Richard Ainsworth
Two light works, two masterpieces.
Bach Dancing & Dynamite Society capped its 2014 season with a program at the charming Stoughton Opera House on Saturday. The program presented two chamber-music masterpieces, interspersed with two light works.
The first was a set of three short pieces by the Argentinian composer Ángel Lasala (1914-2000), titled Poema del Pastor Coya, composed for flute and piano. The first two movements are dreamy and melodious, the third a boisterous dance. This was an ideal display piece for flutist Stephanie Jutt, with Randall Hodgkinson accompanying.
More frankly fluff was a "Fantasy on Themes" from The Wizard of Oz for piano four hands, by one William Hirtz. For this Hodgkinson joined Jeffrey Sykes. It was used for some visual clowning and was hardly to be taken seriously from the outset: better to see the movie itself.

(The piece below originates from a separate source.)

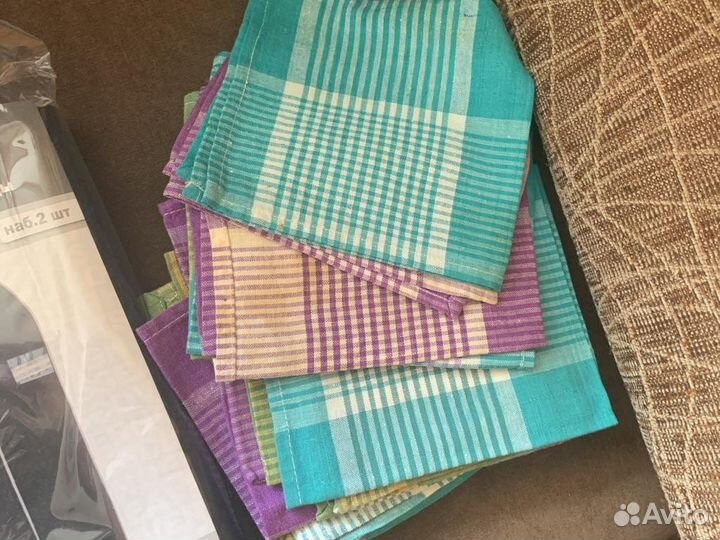 Домашний текстиль СССР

But then there were the two masterpieces. The first was Maurice Ravel's fascinating Sonata for Violin and Cello. Substantial (four-movement) works for this spare scoring by major composers are very rare indeed. (There is one by Kodály.) Ever the consummate craftsman, Ravel liked to visit each chamber configuration only once, and in this case he showed a remarkable ear for exploring the range and character of each of the two instruments.

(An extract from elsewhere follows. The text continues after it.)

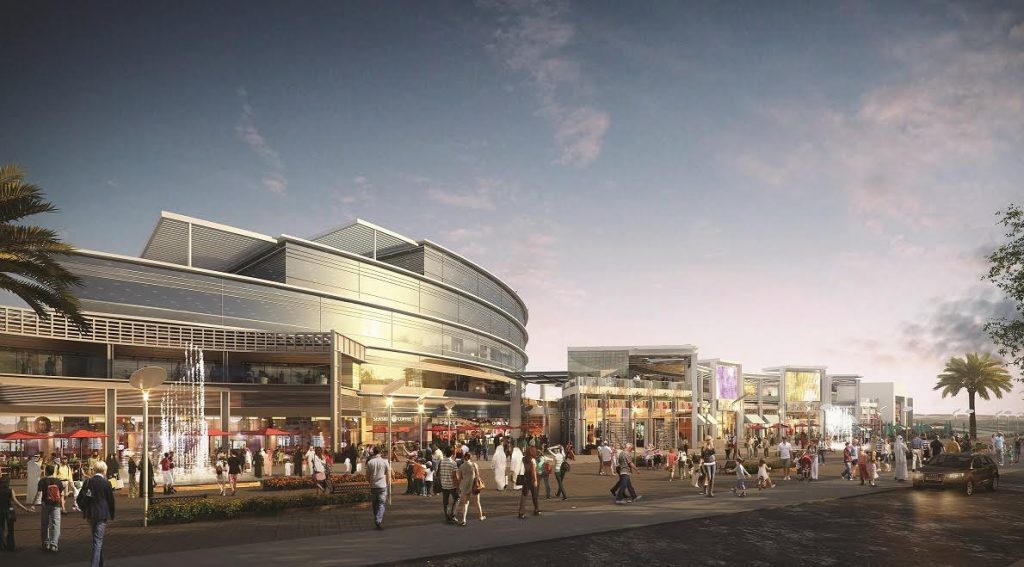 Attention All Shoppers: Another Massive Mall is Coming…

At times, especially in its scherzo, we can hear the same touches that fill Ravel's single String Quartet. Only in its slow movement (and maybe bits of its finale) did the two instruments suggest the concord of a normal "duet." Instead, for most of the work, it was as if each was a speaker talking about the same things, but in different ways, and at the same time. It's an extraordinary piece of original creativity. Violinist Axel Strauss and cellist Jean-Michel Fonteneau had its formidable technical demands in full control for a dazzling and superbly shaped performance.
After the intermission Sykes joined these two string players, with whom he constitutes his home group, the San Francisco Piano Trio. Their vehicle was the Trio in F minor, Op. 65, of Antonín Dvorák. This composer still is not sufficiently recognized as among the top masters of chamber music (along with Mozart, Beethoven, Schubert and Brahms). His F-minor Trio is not as well known as the subsequent Op. 90, but it richly deserves wider advocacy, such as that so fervently lavished on it by our San Franciscans. Its wing movements are wonderful examples of intricate yet compelling construction. The scherzo is an intriguing venture in metric trickery, and the slow movement is a thing of melting beauty. With this, the Bach Dancing crew once again demonstrated its capacity for making us aware of what treasures the chamber-music literature has to offer.
The audience was undersized, perhaps due to the distractions of Rhythm & Booms. But the program will be repeated on Sunday, June 29, at Taliesin's Hillside Theater in Spring Green.